A peachy sunrise in Bali.

Monday, September 18, 2006

The Last Supper (and a few other happy Korea memories)






Kamsamida Ryan.

Thursday, September 14, 2006

Jeju

I am now here. For those of you that can't be bothered with links, "here" is the lovely island of Jeju, south of the Korean peninsula.

I decided to get out of the city for a few days and see a little bit more of South Korea so booked myself on an eco-tour of the island. Jeju is very lovely, very windy and popular amongst South Koreans as a honeymoon destination (the newly-weds walk around with matching t-shirts - sickening).

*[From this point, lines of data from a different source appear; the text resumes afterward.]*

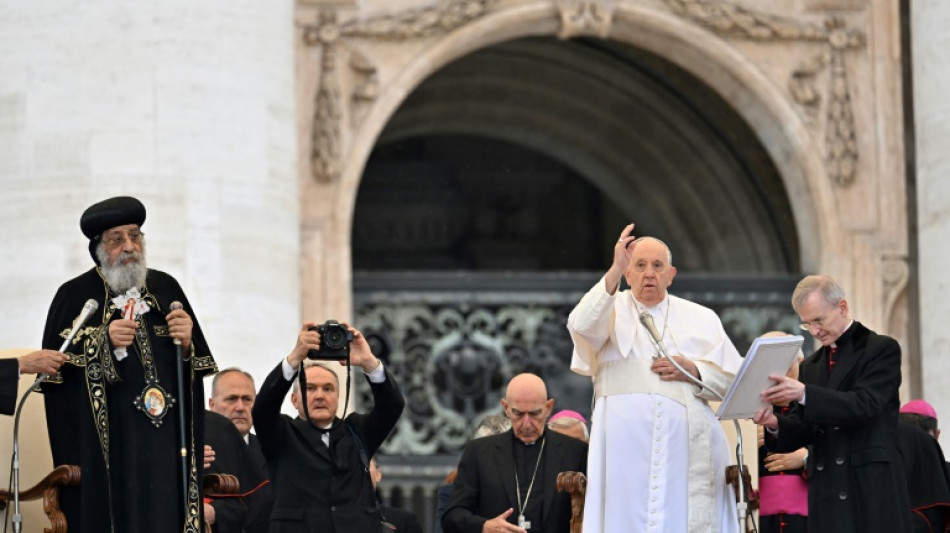 In&eacute;dita audiencia general en el Vaticano con el papa Francisco y el l&iacute;der copto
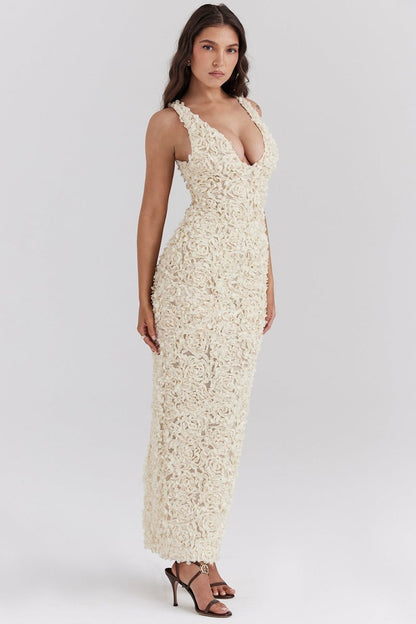 HAILEY - VESTIDO INSPIRADO EN PÉTALOS CON ESTILO GRACIOSO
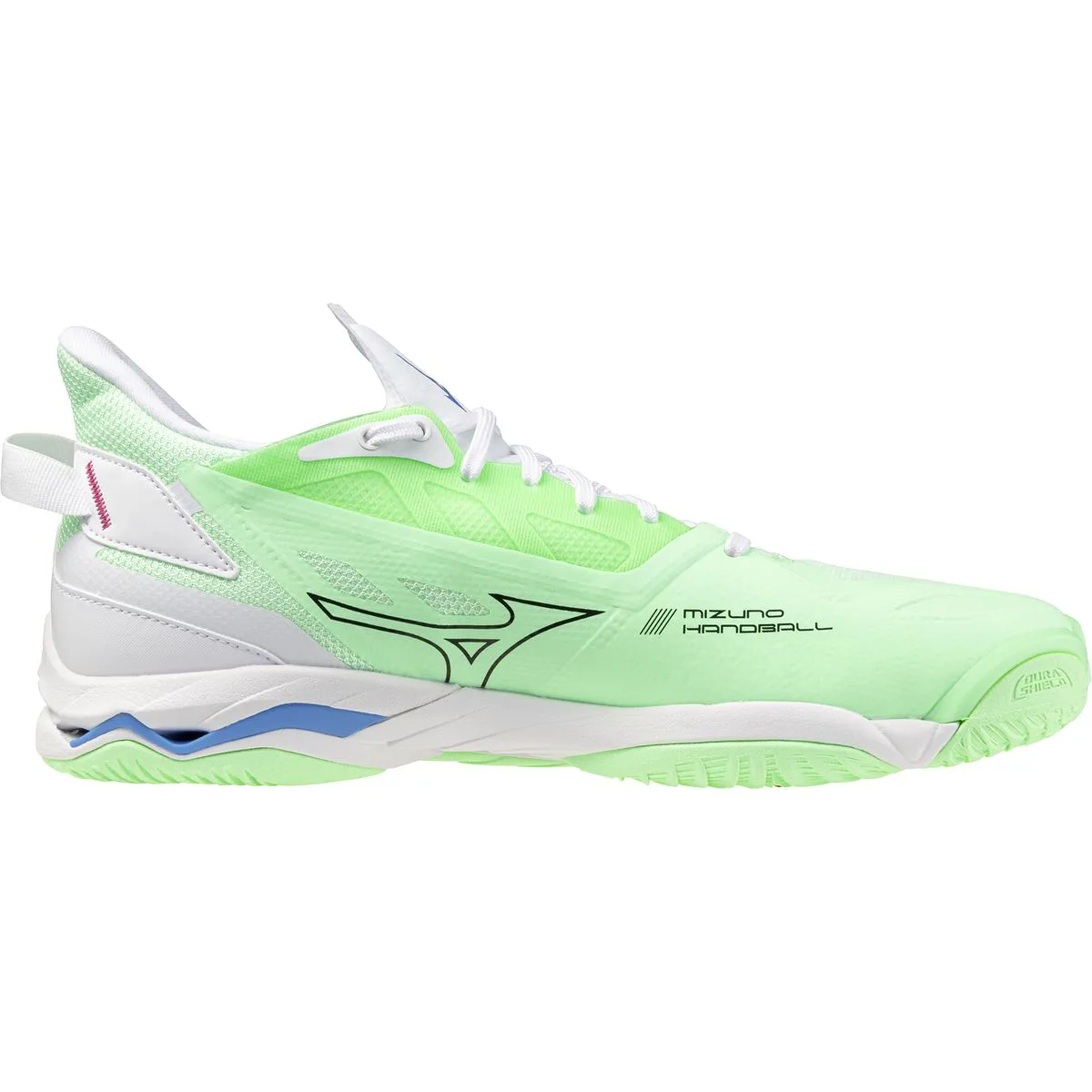Wave Mirage 5 Handballschuhe, grün, Größe 45 45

I am staying in a swanky hotel (see previous blog) and thoroughly enjoying fresh towels each morning and peering in awe at the wonders inside my mini-bar! (not been brave enough to try anything yet as am seriously running out of money).

My tour group consists of our Russian tour guide, Victor, a nice Austrian girl called Elizabeth and two slightly annoying but tolerable Americans. Yesterday, was quite a wet and grey day (autumn is creeping in) but today was lovely. We've been to see a beautiful waterfall, a bonsai tree garden, a tea plantation and some volcanic crators - all covered in vegetation now as the volcano that once created this island has not errupted in 2.5 millions years. Oh also, a five story temple - quite unusual I am told. Full of golden Buddhas.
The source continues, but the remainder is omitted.